In experimenting with drugs, the very young have only adopted a practice common among teenagers. They join their older brothers and sisters in using drugs to flee from a world they do not like and feel helpless to change. "What the young in some cases want," say Sociologists Simon and John H. Gagnon in a jointly written paper, "and what appears to adults as unreasonable, is that the prize be located at the top of the Cracker Jack box, not at the bottom." Another attraction, they add, is that drugs can screen out reality and allow the youthful user to withdraw to the private sanctuary of his self.

In this quest, more and more pre-teeners are exploring the fantasy landscapes produced by heroin.

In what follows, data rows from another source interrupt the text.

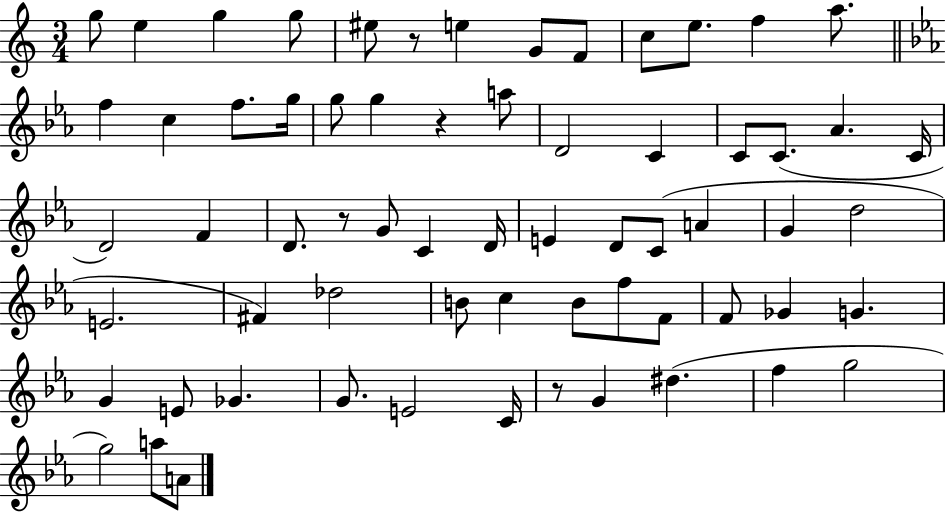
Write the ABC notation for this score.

X:1
T:Untitled
M:3/4
L:1/4
K:C
g/2 e g g/2 ^e/2 z/2 e G/2 F/2 c/2 e/2 f a/2 f c f/2 g/4 g/2 g z a/2 D2 C C/2 C/2 _A C/4 D2 F D/2 z/2 G/2 C D/4 E D/2 C/2 A G d2 E2 ^F _d2 B/2 c B/2 f/2 F/2 F/2 _G G G E/2 _G G/2 E2 C/4 z/2 G ^d f g2 g2 a/2 A/2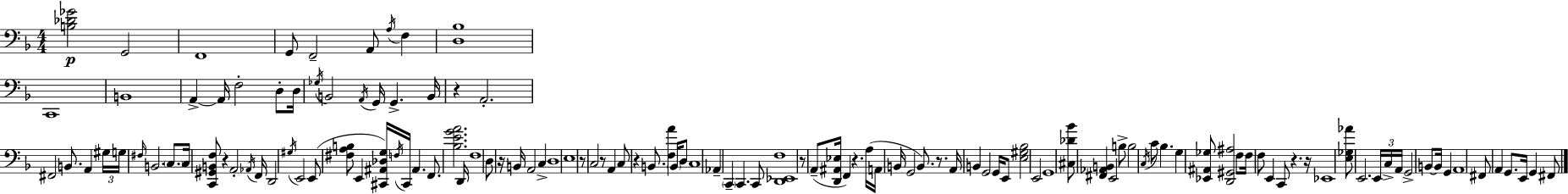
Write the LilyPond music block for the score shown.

{
  \clef bass
  \numericTimeSignature
  \time 4/4
  \key d \minor
  <b des' ges'>2\p g,2 | f,1 | g,8 f,2-- a,8 \acciaccatura { a16 } f4 | <d bes>1 | \break c,1 | b,1 | a,4->~~ a,16 f2-. d8-. | d16 \acciaccatura { ges16 } b,2 \acciaccatura { a,16 } g,16 g,4.-> | \break b,16 r4 a,2.-. | fis,2 b,8. a,4 | \tuplet 3/2 { gis16 g16 \grace { fis16 } } b,2. | \parenthesize c8. c16 <c, gis, b, f>8 r4 a,2-. | \break \acciaccatura { aes,16 } f,16 d,2 \acciaccatura { gis16 } e,2 | e,8( <fis a b>8 e,4 <cis, ais, des g>16) \acciaccatura { f16 } | cis,16 ais,4. f,8. <bes e' g' a'>2. | d,16 f1 | \break d8 r16 b,16 a,2 | c4-> d1 | e1 | r8 c2 | \break r8 a,4 c8 r4 b,8. | <f a'>4 \parenthesize b,16 d8 c1 | aes,4-- \parenthesize c,4-- c,4. | c,8 <d, ees, f>1 | \break r8 a,8--( <d, ais, ees>16 f,4) | r4. a16( a,16 b,16 g,2 | b,8.) r8. a,16 b,4 g,2 | g,16 e,8 <e gis bes>2 e,2 | \break g,1 | <cis des' bes'>8 <fis, aes, b,>4 e,2 | b8-> b2 \acciaccatura { c16 } | c'8 bes4. g4 <ees, ais, ges>8 <d, gis, ais>2 | \break f8 f16 f8 e,4 c,8 | r4. r16 ees,1 | <e ges aes'>8 e,2. | \tuplet 3/2 { e,16 c16-> a,16 } g,2-> | \break b,8~~ b,16 g,4 a,1 | fis,8 a,4 g,8. | e,16 g,4 fis,8 \bar "|."
}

Its sudden popularity, says Dr. Michael Baden, associate medical examiner for New York City, is related to the success of Operation Intercept, the Administration's recent campaign to stem the tide of marijuana flowing across the Mexican border (TIME, Sept. 26). As the supply of pot dwindled and the price rose, heroin pushers dropped their price to within reach of even modest pre-teen allowances.

The very dangers of heroin appeal to young users. Youth is a time of chance-taking. The bold can persuade themselves that they are immune from the risk of addiction. To the boldest, heroin offers the same thrilling opportunity as Russian roulette: a joust with death.

Sociologists Simon and Gagnon take issue with some authorities who insist that youthful addicts can emerge unharmed from their encounter with narcotics. "The real danger," they write, "is that they will lose a sense of their real capacity for experience and that they will abandon claims for an influential role in the collective enterprise of the society. Their future will become a progressive drift toward a totally privatized existence."

Unequipped to Cope. The adult society that bred this problem--and, by example, still encourages it--is unequipped to cope with it. No machinery exists even to measure the incidence of youthful drug use, much less to control it. There are scarcely any treatment centers in the country exclusively for youthful addicts. In New York City, petty-minded authorities are trying to close one of them. This month in court, Dr. Densen-Gerber will defend Odyssey House against charges of operating without a license and violating the building code.

Sociologists Simon and Gagnon suggest that as a first step toward solving the problem, adult society must admit its own responsibility: "Both the actual miracle and the myth of modern medicine have made the use of drugs highly legitimate, as something to be taken casually and not only during moments of acute and certified distress. Our children, in being casual about drugs, far from being in revolt against an older generation, may in fact be acknowledging how influential a model that generation was."

Society must recognize as well that the child drug user is the casualty of great and upsetting social change. In one sense, says Clinical Psychologist Stephen Rush of the Los Angeles Free Clinic, he has become a displaced person in a culture that his grandfather would not recognize--or much care for, either. Parental permissiveness, the growing conviction that the young and old generations have lost contact--such factors erode the old-fashioned family solidarity that once granted children a comforting sense of place. "The real solution," says Rush, "is in finding ways for young people to become active members of our civilization." That is a tall order, one that uncounted generations of discipline-minded parents have been unable to fulfill. By turning to drugs as one antidote to the shortcomings they see in adult society, today's young have made the solution far more difficult than it has ever been before.